# Rainbow cichlid tank mates



## pdash (Aug 18, 2008)

All, I'm beginner with cichlids and friends suggested that I start off with rainbow cichlids. What size and shape tank do I need and what tank mates including other cichlids would be ideal?

Thanks,
Paul


----------



## hollyfish2000 (Aug 23, 2007)

Rainbow cichlids are wonderful. I'm quite a big fan. A mated pair can be housed in a 30 gallon long with a few other tank mates. If you have a 48" long tank, you can do two pairs.

I have a 36" long 58 gallon planted tank with one mature pair and six babies of various ages (from two different broods that I raised in a separate tank and then returned). For now this is working. As the oldest of the babies mature, I expect that I'll have to remove them.
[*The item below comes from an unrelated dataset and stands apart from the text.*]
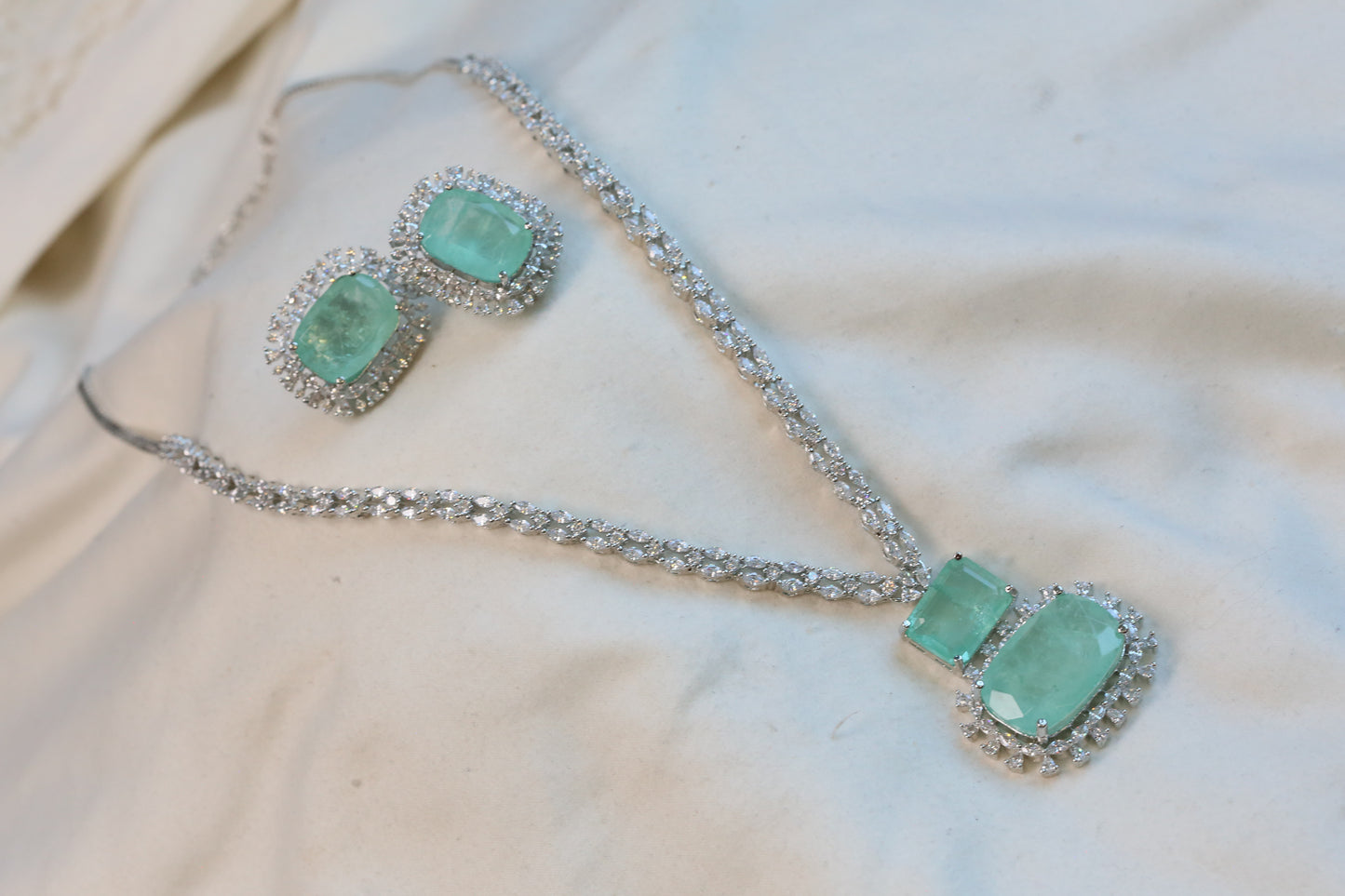 Ananya Premium CZ Necklace Set- Mint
A rainbow cichlid pair will claim a section of territory in the tank and guard it even when not raising fry. They are not particularly viscious and I've had no injuries, but they are pretty insistent. I have a defined their section with plants in the middle foreground to separate them from the rest of the tank. They also have a nice piece of driftwood to hide under/behind and several flat river rocks on which to spawn. however, this does diminish how much space is left for the rest of the tank.
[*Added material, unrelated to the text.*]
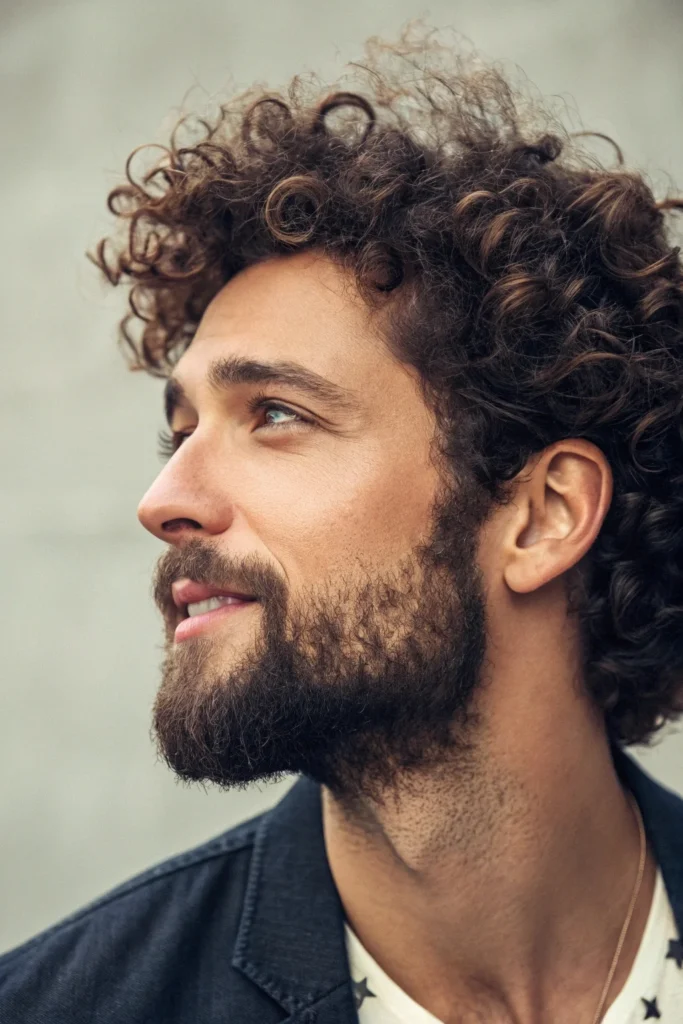 Chin Strap Beard styles for curly hair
With them I have cories, BN plecos and tetras. The rainbows are not a danger to any of these, but some of these, especially the cories and plecos, will eat fry. If you have other questions feel free to ask!


----------



## hollyfish2000 (Aug 23, 2007)

Sorry, I didn't address your question about other cichlids -- you can house rainbows with other mild SA or CA cichlids IF (and it's a big IF) you have a large enough tank. I'd highly recommend, however, that you consider a tank centered around rainbows. They are beautiful, easy to care for and interesting (and this is coming from someone who has also kept apistos, curviceps, angels, blue and Bolivian rams and who also keeps Africans)


----------



## pdash (Aug 18, 2008)

hollyfish2000 said:


> Rainbow cichlids are wonderful. I'm quite a big fan. A mated pair can be housed in a 30 gallon long with a few other tank mates. If you have a 48" long tank, you can do two pairs.
> 
> Does it make a difference if I have a long tank vs cylinder style tank?


----------



## hollyfish2000 (Aug 23, 2007)

Yes, a cylinder or cube tank is, basically, just not a very useful shape for anything except angels. Rainbow ciclids really need the footprint of a longer tank.


----------



## PfunMo (Jul 30, 2009)

I find angelfish make decent tank mates for Rainbow cichlids. The real problem with them is finding something meek enough not to bully them. I found severum to be too rough at feeding. A lot of the "community" fish will fit if you want to go outside the cichlid family. Very mild and meek to the point of being shy until they get settled in well.


----------



## hollyfish2000 (Aug 23, 2007)

If it were a smallish cylinder type tank like a 30 gallon tall, I would only do angels, not angels and rainbows myself.


----------



## PfunMo (Jul 30, 2009)

I would also like the idea of a set of nice angelfish. I had not taken a look at angelfish for a very long time and found there are some really stunning colors available. Sometimes in the rush to do the "in" thing, we overlook some of the really nice old things. Anybody who has never taken the time to do some angelfish might be surprised by how they grab you. For pleasant attitude and yet interesting behavior, I think they are hard to beat. There are few better ways to get some experience with cichlids. Once you master a few of the basics, then you might want to look further but for me I'm just going back to raising a few.


----------



## MonteSS (Dec 8, 2008)

As Holly said, get at least a 3 foot 30 long. A 4 foot 55 or 75g is better yet.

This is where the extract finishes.